DSP internal variables

There are a few DSP internal variables, stored in X memory, that are of use in comm. hacking:

(For U0106, use same addresses as U0105.)

Name Address(U0104) Address(U0105) Description
STATUS 0x00 0x00 Status (and modes for <= U1014) of DSP; see dsp_status for an explanation
MODE n/a 0x01 Flags configuring certain modes of the DSP; see dsp_status for an explanation
HEAD_W3_0 0x21 0x1F Type of last reply or data packet, 'DA' or 'RP'
PACKET_SIZE_LOW 0x23 n/a Size of latest reply or data packet, in 16 bit words
PACKET_SIZE n/a 0x23 Size of latest reply or data packet, in 32 bit words
QT_FRAME_SIZE 0x53 0x40 The expected size of data packets in bytes
FRAME_COUNT 0x01 0x02 Number of DA packets received from the MCE (including discards)
QT_DROPS 0x5A 0x47 Number of data packets dropped due to full PC RAM buffer
RP_DROPS n/a 0x4B Number of reply packets dropped due to PC RAM buffer unavailable (quiet_RP mode only)

Currently, the number of packets that are dropped due to a packet size mismatch between PACKET_SIZE and QT_FRAME_SIZE is not recorded explicitly.
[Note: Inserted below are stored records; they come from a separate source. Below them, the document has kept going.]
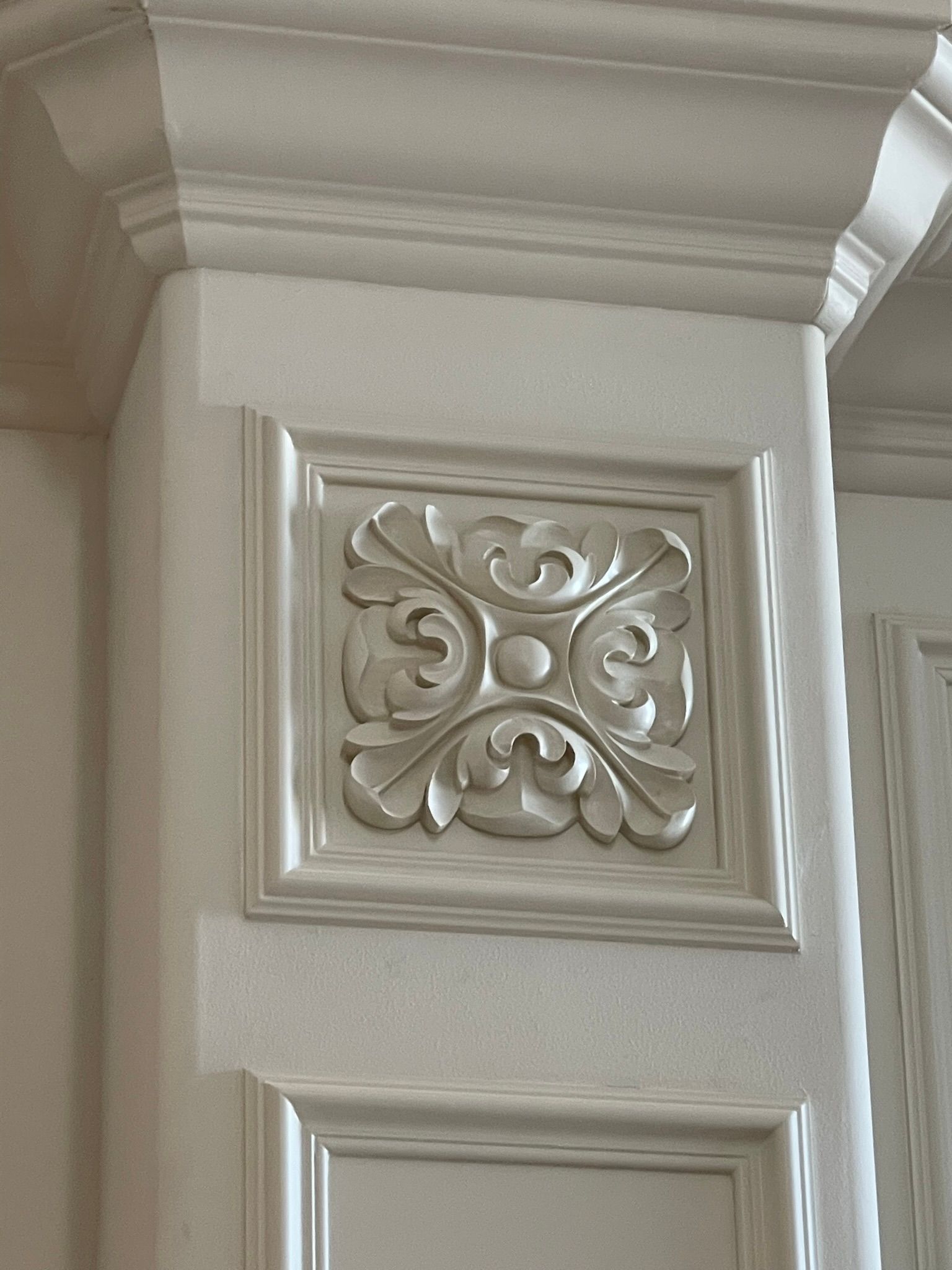 White decorative square panel with carved floral design and surrounding molding.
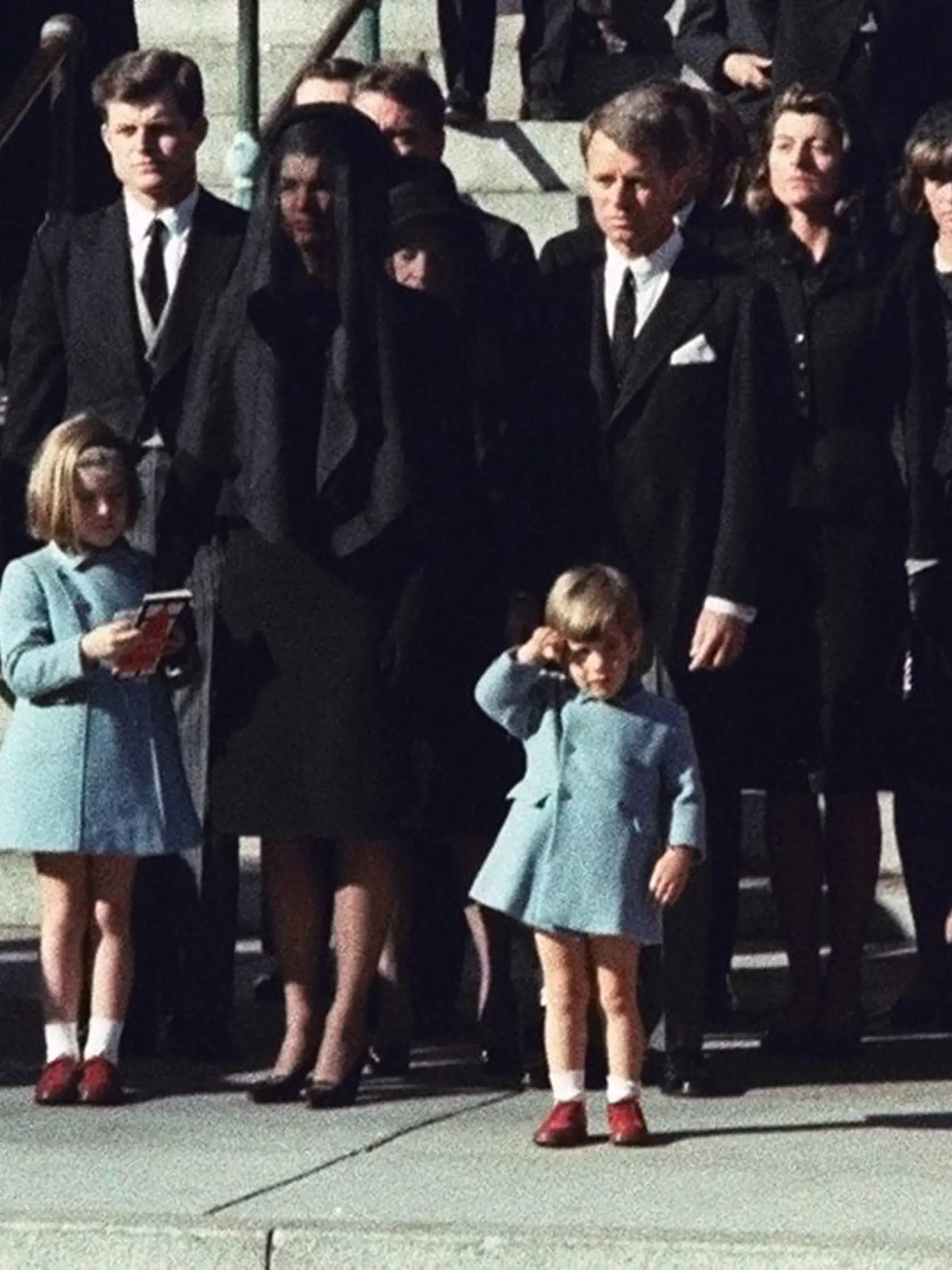 KK23 Washington - Na archívnej snímke z 25. novembra 1963 trojročný John F. Kennedy mladší salutuje pred truhlou svojho zavraždeného otca Johna F. Kennedyho. Vdova Jacqueline Kennedyová (uprostred) a dcéra Caroline Kennedyová stoja s bratmi jej zavraždeného manžela, Edwardom Kennedym (vľavo) a Robertom Kennedym. Dňa 22. novembra 2013 uplynie od atentátu na prezidenta Johna Fitzgeralda Kennedyho 50 rokov. Stalo sa to 22. novembra 1963 počas jeho cesty po Texase, ktorú absolvoval v súvislosti s bl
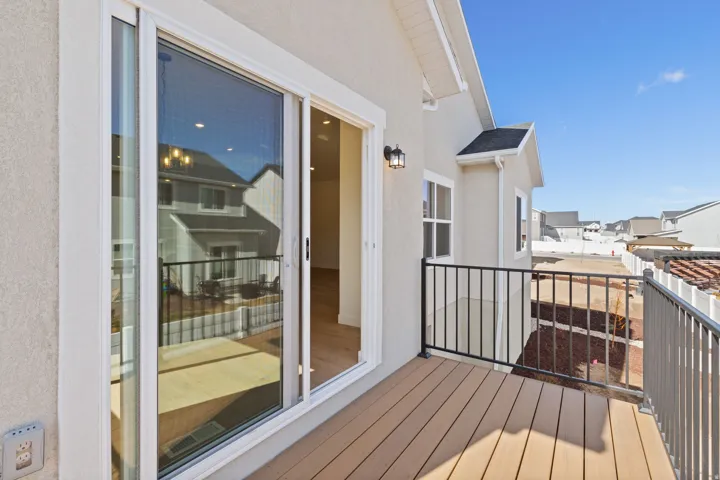Balcony with composite decking, black metal railing, and exterior wall sconce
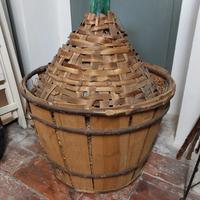 vecchia damigiana   rivestita in legno/canniccio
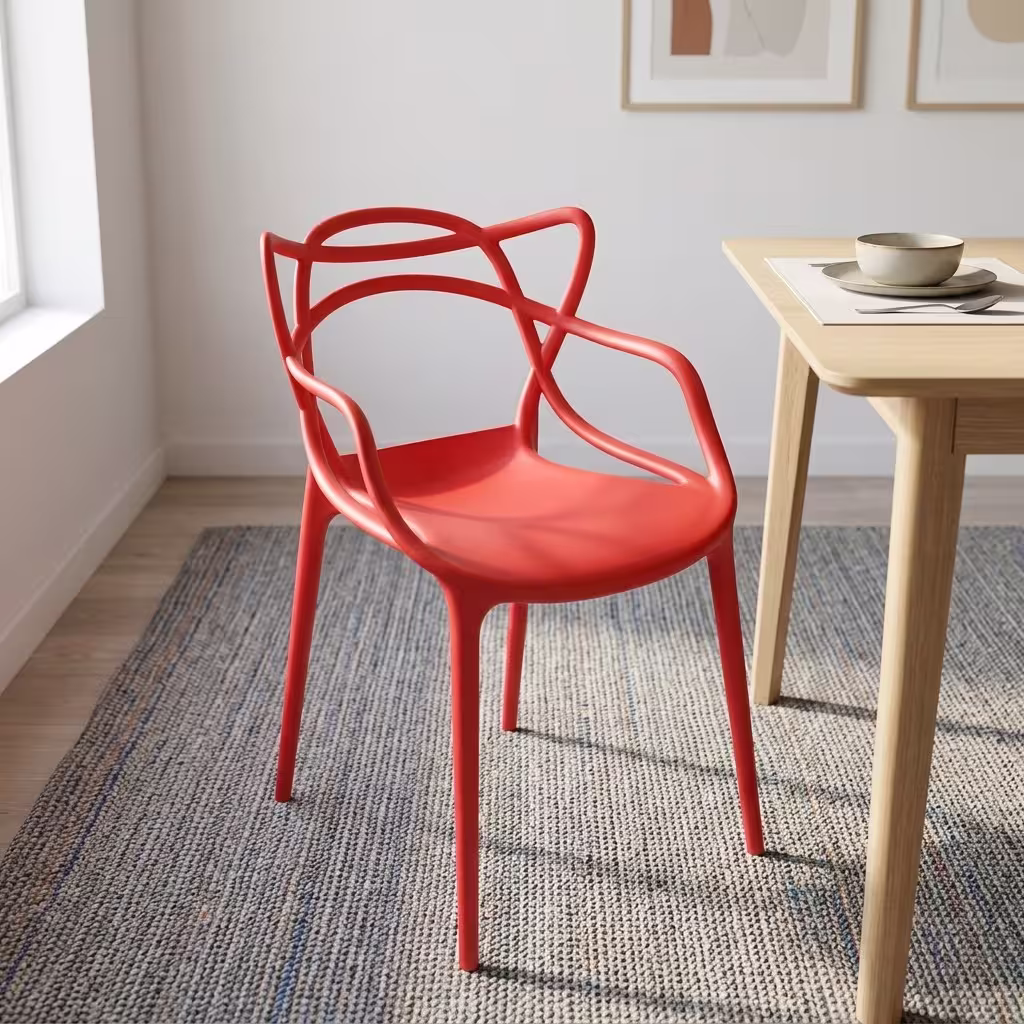 Premium Modern Plastic Outdoor Dining Chair in a vibrant coral-red matte finish, showcasing an intricate interlocking loop open-back silhouette, integrated sweeping armrests, and matching tapered legs, resting on a textured geometric gray area rug next to a walnut wood dining table.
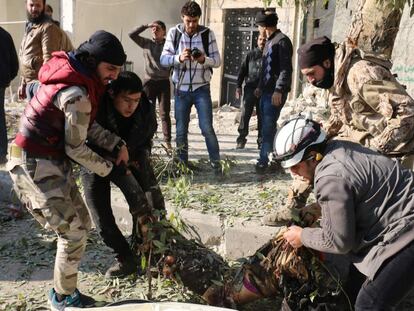 Rebeldes sirios transportan a una víctima de un bombardeo de las fuerzas del régimen de El Asad, este lunes en Alepo.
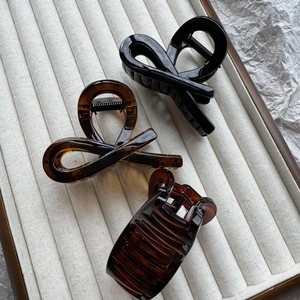 Glossy bow-tie hair claws in black and amber tortoiseshell on a beige display tray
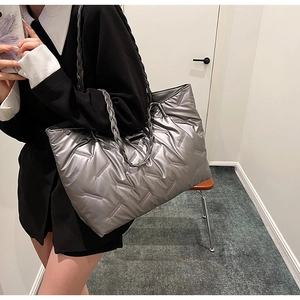 Detail of silver quilted tote bag featuring braided rope handles and metallic texture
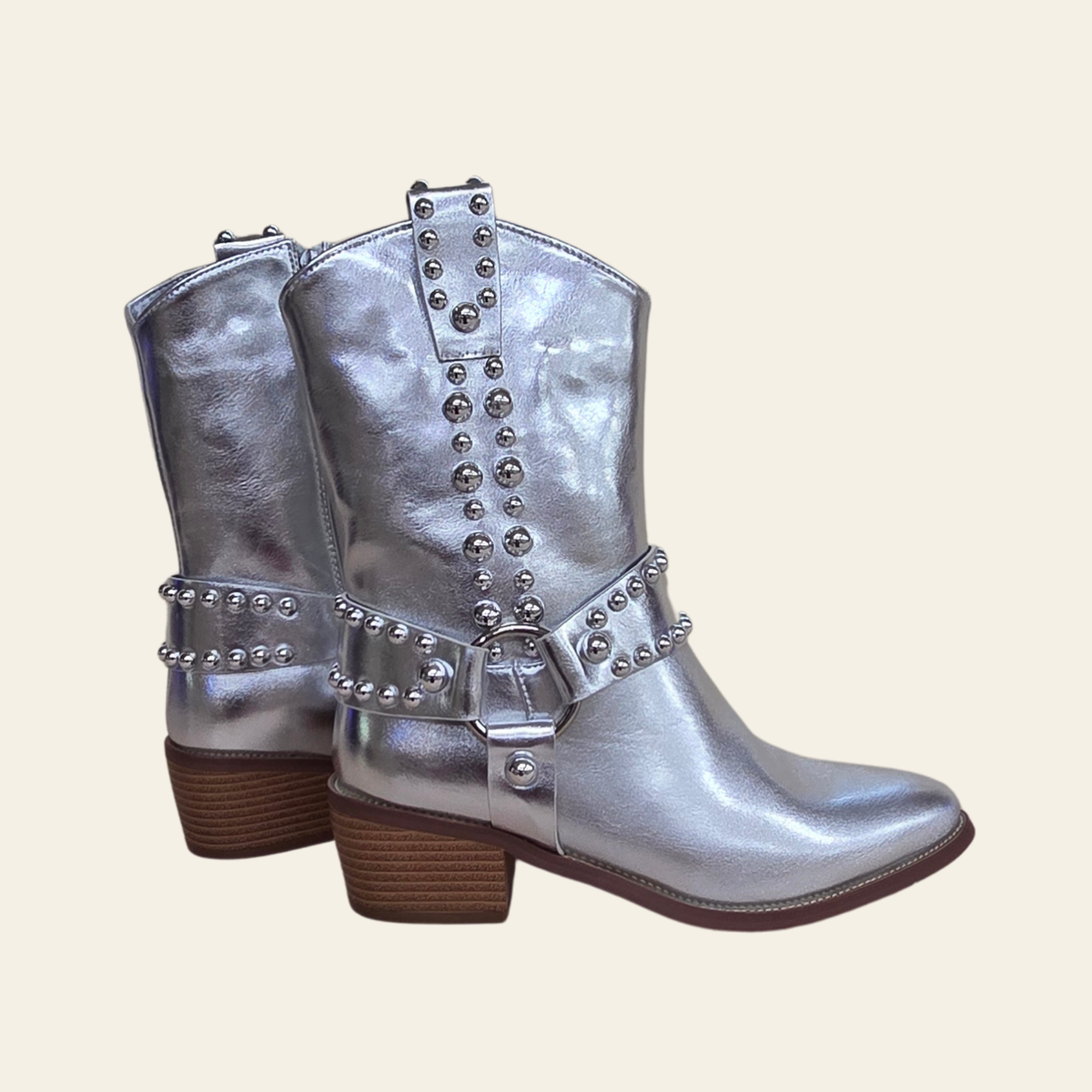 A pair of metallic silver western-style boots with brown stacked heels and silver studded straps, shown against a solid light beige background.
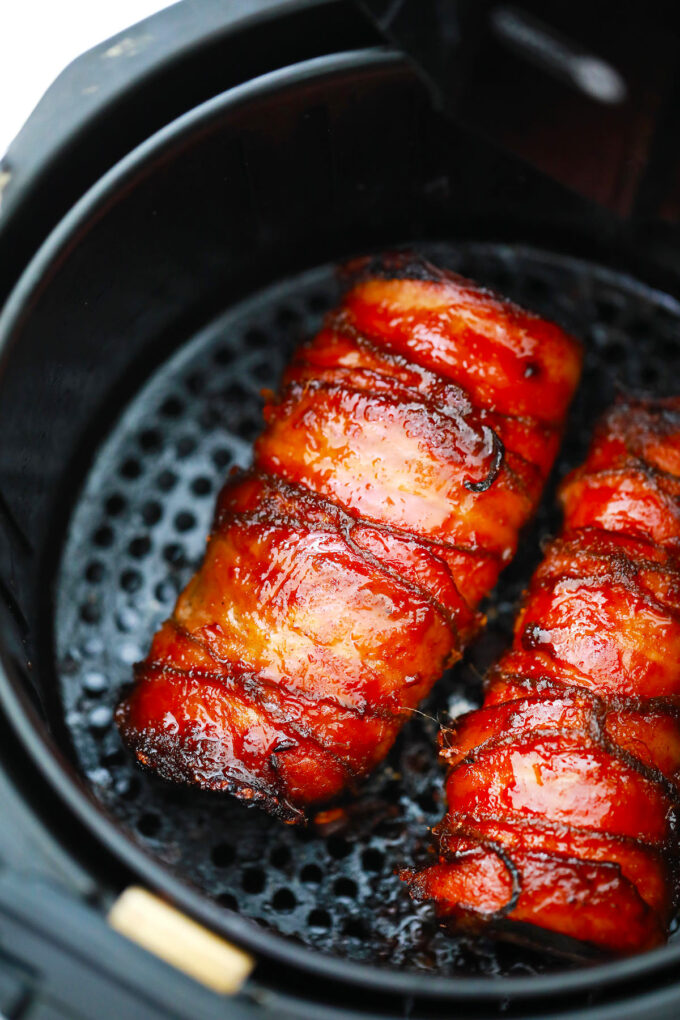 Brown sugar glazed air fryer bacon wrapped pork tenderloin.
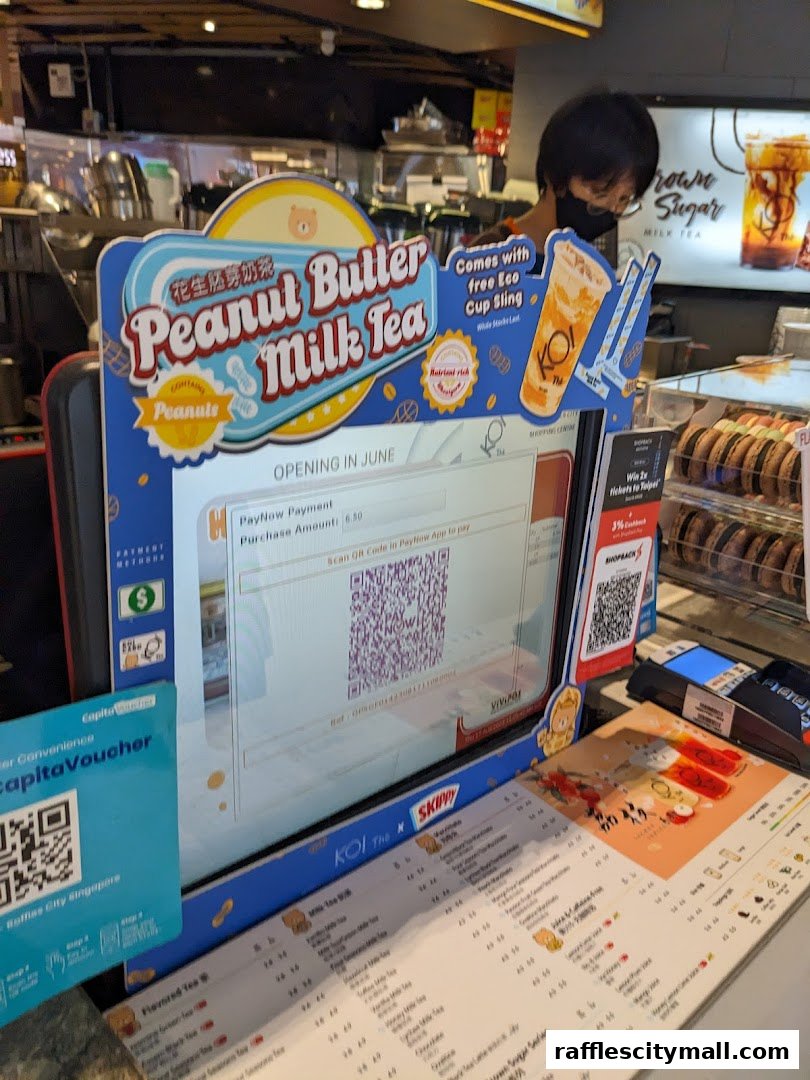 A counter display at KOI Thé Express featuring a new Peanut Butter Milk Tea promotion.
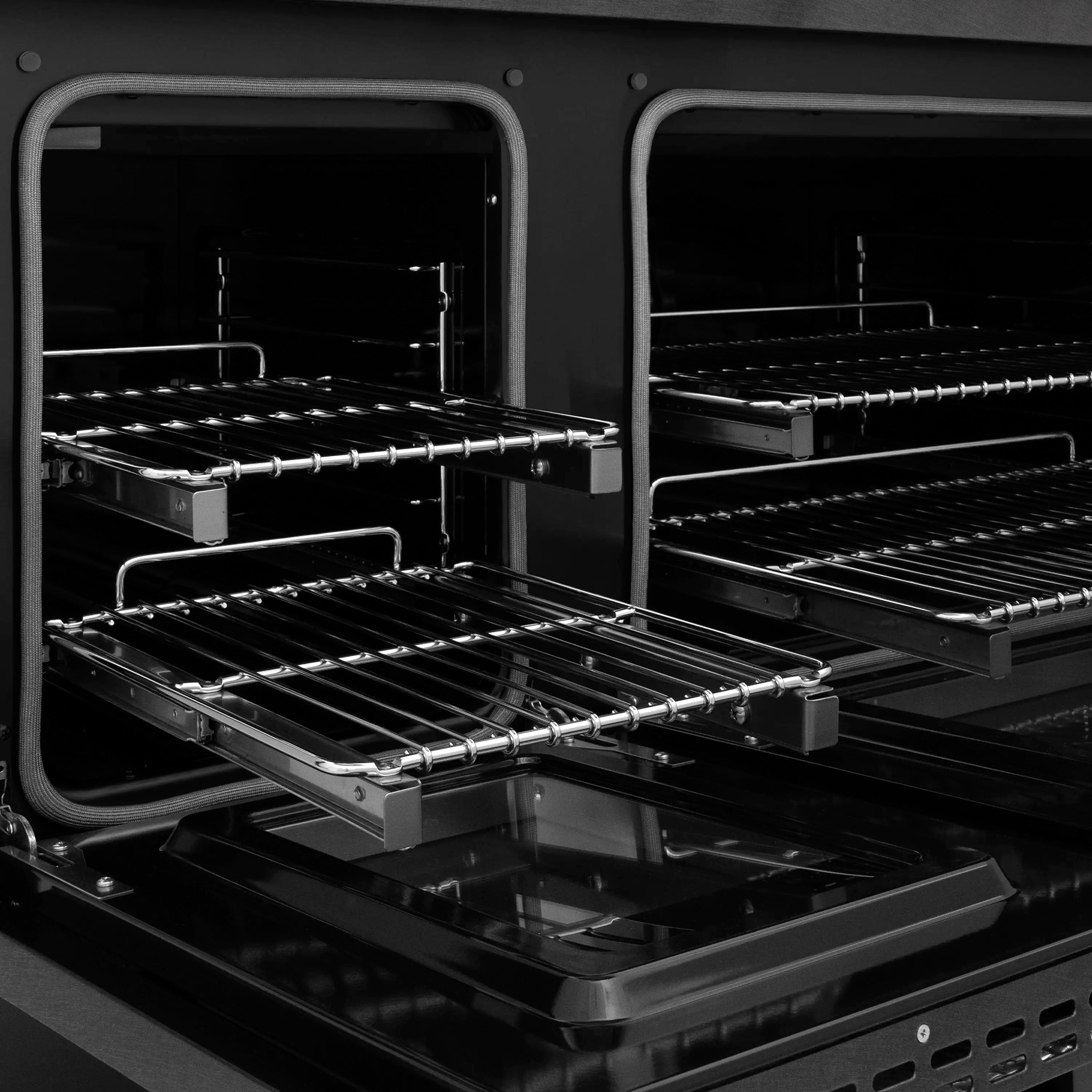 Black dual fuel oven interior with racks and broiler tray inside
However, such packets will cause FRAME_COUNT to increment.

All of the above variables, except STATUS, MODE, and FRAME_COUNT are cleared by a DSP_RESET. You can zero the frame count manually using pciwrite.

(Incidentally, the addresses in the table above are determined from the .lod symbol table of the assembler output.)

Examples

Firmware version U0105 is assumed below. Use the functions defined above.

Inspect a command packet

Note that in current firmware, packets are copied into the DSP buffer *at the same time* as they are transmitted to the MCE. So if your data appears in the DSP buffer, it has also been sent out on the FO transmitter.

We issue

mhasse@mce-ubc-2:~$ mce_cmd -x "wb cc led 7"

and then inspect the packet in the DSP buffer:

mhasse@mce-ubc-2:~$ pcidump y 0x200000 128
y 0x200000 0x00a5a5
y 0x200001 0x00a5a5
y 0x200002 0x005a5a
y 0x200003 0x005a5a
y 0x200004 0x002020
y 0x200005 0x005742
y 0x200006 0x000002
y 0x200007 0x000099
y 0x200008 0x000000
y 0x200009 0x000001
y 0x20000a 0x000000
y 0x20000b 0x000007
y 0x20000c 0x000000
y 0x20000d 0x000000
...
y 0x20007c 0x000000
y 0x20007d 0x000000
y 0x20007e 0x002022
y 0x20007f 0x0057dd


Is the MCE returning data?

Suppose "mce_run" is blocking without data and we want to check the frame data. We first fill the data buffer with a signature we can recognize:

mhasse@mce-ubc-2:~$ pciwash y 0x0 4096 0x123456

and we may as well zero the frame counter, too.

mhasse@mce-ubc-2:~$ pciwrite x 0x2 0


Then we trigger a go somehow. mce_run is easiest.

mhasse@mce-ubc-2:~$ mce_run test_1935 1 1
RUNFILE_NAME=/data/cryo/current_data//test_1935.run
FRAME_BASENAME=/data/cryo/current_data//test_1935

This hangs, so we Ctrl-C it.

We confirm that the DSP received a single frame from the MCE:

mhasse@mce-ubc-2:~$ pciread x 2
0x1

Now inspect the data buffer:

pcidump y 0x0 4096 > dump.txt

(This can take a while.) Inspecting the output we see reasonable data up to address 0x200:

...
y    0x1fd 0x00ffff
y    0x1fe 0x00f38d
y    0x1ff 0x00ffff
y    0x200 0x123456
y    0x201 0x123456
y    0x202 0x123456
...

Because the FO fifo can hold 1024 16-bit words, what we have here is a complete half-fifo. The PCI card is likely blocking, waiting for the FIFO to be half-full again so it can empty it efficiently. It is at this point that we suspect that the packet size might be the problem.

Our RC1, 41-row frame should have size 372 DWORDS = 1488 bytes. We check that this is what the DSP expects (QT_FRAME_SIZE):

mhasse@mce-ubc-2:~$ pciread x 0x40
0x5d0

That's 372. Good. Compare with the size of the most recent packet (PACKET_SIZE):

mhasse@mce-ubc-2:~$ pciread x 0x23
0x54c

Thats 1356 DWORDS = 5424 bytes! That's the size of a full (4-RC, 41 row) frame.

However, the DSP has only buffered 0x200 * 2 = 1024 bytes before stalling. Therefore it appears that the MCE is reporting a 5424 byte packet but then sending somewhere between 1024 and 2047 bytes of data.